At some point during Anderson’s parade of terror north of the Missouri River, Jesse and Frank James rode to join him, along with the other Clay County guerrillas who had followed Taylor. Given the massive influx of Union troops into their old killing grounds, they may have linked up with him as early as the third week in July. If so, Jesse would have been back with his friend Archie Clement when the rebels ambushed a patrol near Huntsville, killing two. After the fight, Clement scalped the dead—an act that was fast becoming his trademark. “You come to hunt bush whackers,” Anderson (or one of his followers) scratched on a piece of paper. “Now you are skelpt. Clemyent skept you. Wm.
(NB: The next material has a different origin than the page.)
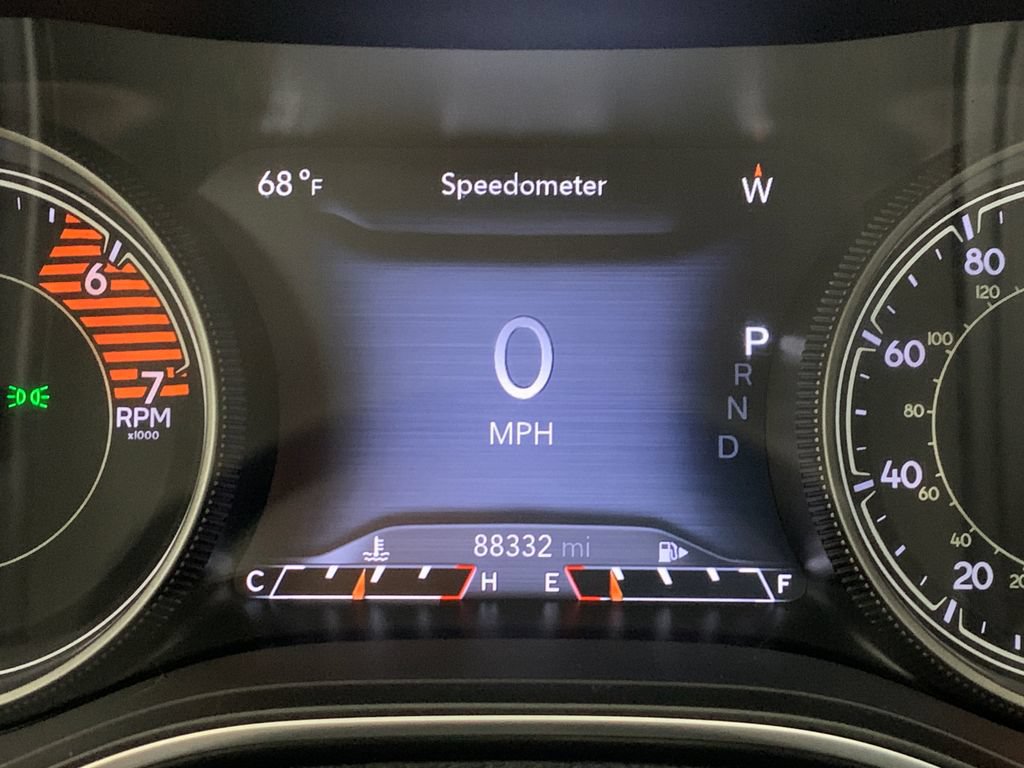 Used 2019 Jeep Cherokee Limited AWD/4WD image 31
Anderson.” Then he pinned the note to one of the bodies, and the guerrillas rode off.2
One way or another, the James brothers joined up with Anderson, who set up camp on or near their mother’s farm in the first week of August 1864. The arrival of “Bloody Bill” was a grand occasion for local secessionists, and small bands of local, less notorious bushwhackers rode in. “In evident anticipation of the gathering together,” wrote a friend (and embellisher) of Frank and Jesse, “Mrs. Samuels [sic], as much devoted to the cause as her two heroic boys, had prepared a splendid dinner.”